Die Gruppe der Spitzenverdiener bei den Dax-Vorstandsvorsitzenden wird angeführt von Volkswagen (9,33 Millionen Euro Direktvergütung) gefolgt von Siemens (8,91 Millionen Euro), etwa gleichauf mit Deutsche Bank (8,84 Millionen Euro) und Daimler (8,69 Millionen Euro). Die höchsten Direktvergütungen im MDax-Kreis erhalten die Vorstandsvorsitzenden von Hochtief (4,3 Millionen Euro), Lanxess (3,9 Millionen Euro) und EADS (3,5 Millionen Euro).
Die geringsten Bezüge für Vorstandsvorsitzende weisen Commerzbank sowie Aareal Bank aus. Beide Institute nehmen staatliche Hilfen in Anspruch und müssen somit laut Finanzmarktstabilisierungsfonds-Verordnung die Vergütungen bei 500 000 Euro begrenzen.

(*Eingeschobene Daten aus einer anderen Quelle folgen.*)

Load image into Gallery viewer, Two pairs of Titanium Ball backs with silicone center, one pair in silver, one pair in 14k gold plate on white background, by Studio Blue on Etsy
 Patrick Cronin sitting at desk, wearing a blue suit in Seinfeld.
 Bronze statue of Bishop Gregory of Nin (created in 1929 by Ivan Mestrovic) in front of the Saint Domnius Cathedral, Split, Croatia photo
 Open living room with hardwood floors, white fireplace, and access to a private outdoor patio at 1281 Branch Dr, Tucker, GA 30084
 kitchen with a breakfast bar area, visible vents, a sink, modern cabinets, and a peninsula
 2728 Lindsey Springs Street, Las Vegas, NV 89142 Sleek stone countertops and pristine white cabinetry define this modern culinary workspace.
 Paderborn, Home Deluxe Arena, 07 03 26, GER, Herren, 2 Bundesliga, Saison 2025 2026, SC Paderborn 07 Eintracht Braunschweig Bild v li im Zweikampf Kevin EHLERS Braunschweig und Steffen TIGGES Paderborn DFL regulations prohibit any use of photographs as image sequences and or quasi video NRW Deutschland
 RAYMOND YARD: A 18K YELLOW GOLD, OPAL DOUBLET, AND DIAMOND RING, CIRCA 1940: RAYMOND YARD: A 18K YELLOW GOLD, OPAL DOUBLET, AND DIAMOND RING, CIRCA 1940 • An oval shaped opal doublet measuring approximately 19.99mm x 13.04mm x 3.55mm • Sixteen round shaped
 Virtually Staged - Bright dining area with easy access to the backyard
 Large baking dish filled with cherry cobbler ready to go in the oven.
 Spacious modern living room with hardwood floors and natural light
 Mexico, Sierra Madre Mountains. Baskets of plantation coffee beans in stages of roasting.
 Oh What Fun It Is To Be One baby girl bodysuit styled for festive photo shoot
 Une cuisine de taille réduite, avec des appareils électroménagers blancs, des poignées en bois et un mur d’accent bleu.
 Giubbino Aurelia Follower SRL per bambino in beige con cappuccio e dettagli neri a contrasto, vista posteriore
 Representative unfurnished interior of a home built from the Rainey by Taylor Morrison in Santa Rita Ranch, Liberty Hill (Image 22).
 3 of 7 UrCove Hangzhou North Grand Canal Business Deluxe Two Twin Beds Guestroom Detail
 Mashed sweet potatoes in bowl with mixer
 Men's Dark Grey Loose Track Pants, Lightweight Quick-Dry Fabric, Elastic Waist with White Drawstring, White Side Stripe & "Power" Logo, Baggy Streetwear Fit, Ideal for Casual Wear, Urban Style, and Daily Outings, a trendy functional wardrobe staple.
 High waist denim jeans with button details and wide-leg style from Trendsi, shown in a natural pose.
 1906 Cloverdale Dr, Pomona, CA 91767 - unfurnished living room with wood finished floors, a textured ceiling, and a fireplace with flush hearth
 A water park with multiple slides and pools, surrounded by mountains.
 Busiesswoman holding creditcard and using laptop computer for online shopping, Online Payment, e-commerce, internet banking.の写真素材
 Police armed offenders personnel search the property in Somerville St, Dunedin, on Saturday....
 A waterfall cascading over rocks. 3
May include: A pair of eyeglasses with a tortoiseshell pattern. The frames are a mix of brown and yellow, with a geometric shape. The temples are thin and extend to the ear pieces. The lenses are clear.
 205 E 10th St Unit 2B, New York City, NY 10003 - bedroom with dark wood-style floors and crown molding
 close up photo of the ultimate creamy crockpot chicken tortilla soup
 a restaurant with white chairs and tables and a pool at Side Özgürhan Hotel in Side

Eine Gegenüberstellung der Bezüge von Vorstandsvorsitzenden, die sowohl 2009 und 2010 im Amt waren, zeigt, dass die Vergütungen im zurückliegenden Geschäftsjahr im Gleichklang mit den Geschäftsergebnissen gestiegen sind. Während im MDax die durchschnittliche Direktvergütung einen Sprung von 28 Prozent auf 1,97 Millionen Euro gemacht hat, ist das Ergebnis pro Aktie über den gesamten Index hinweg um durchschnittlich mehr als das Sechseinhalbfache (655 Prozent) gestiegen. Für die Unternehmen im Dax ergibt sich ein vergleichbares Bild mit einem durchschnittlichen Vergütungsanstieg in Höhe von 21 Prozent und einem um 124 Prozent gestiegenen Ergebnis pro Aktie.
Was noch zu tun ist
Die Vergütung erweist sich auf Basis der Geschäftsberichte als nachhaltiger und erfolgsorientierter ausgestaltet als je zuvor. Im Durchschnitt steht knapp die Hälfte der variablen Bezüge der Top-Manager für bis zu vier Jahre im Risiko und kann im Extremfall ganz entfallen. Dies ist eine neue Qualität, die aber auch ihre Kehrseite hat: Denn im Zuge der aufgeschobenen Vergütung werden zukünftig auch in schlechten Jahren ausstehende Beträge aus vergangenen guten Jahren ausgezahlt. Der unmittelbare Zusammenhang von Pay und Performance geht verloren. Bonuszahlungen werden sich, über einen längeren Zeitraum betrachtet, auf einem Durchschnittsniveau einpendeln. In Bezug auf die Vergleichbarkeit der Vergütung – insbesondere der langfristigen variablen Bestandteile – bleibt allerdings noch einiges zu tun. Viele Unternehmen haben versucht, die absehbaren Defizite im Vergütungsausweis mit Zusatzangaben abzufangen. Mängel in der Vergleichbarkeit lassen sich jedoch nicht allein durch ein Mehr an Informationen beheben. Über eine Änderung des Deutschen Corporate Governance Kodex könnten beispielsweise notwendige Veränderungen angestoßen und durchgesetzt werden. Zwei grundlegende Tabellen – eine mit den für ein Geschäftsjahr gewährten Vergütungen und eine mit den in einem Geschäftsjahr tatsächlich ausbezahlten Vergütungen – würden bereits viel Transparenz und Vergleichbarkeit schaffen, ohne die Komplexität des Vergütungsausweises weiter zu erhöhen. Denn eines sollte nicht aus den Augen verloren werden: Anreizsysteme funktionieren, wenn das Vergütungssystem auch verstanden wird. Weniger ist da manchmal mehr.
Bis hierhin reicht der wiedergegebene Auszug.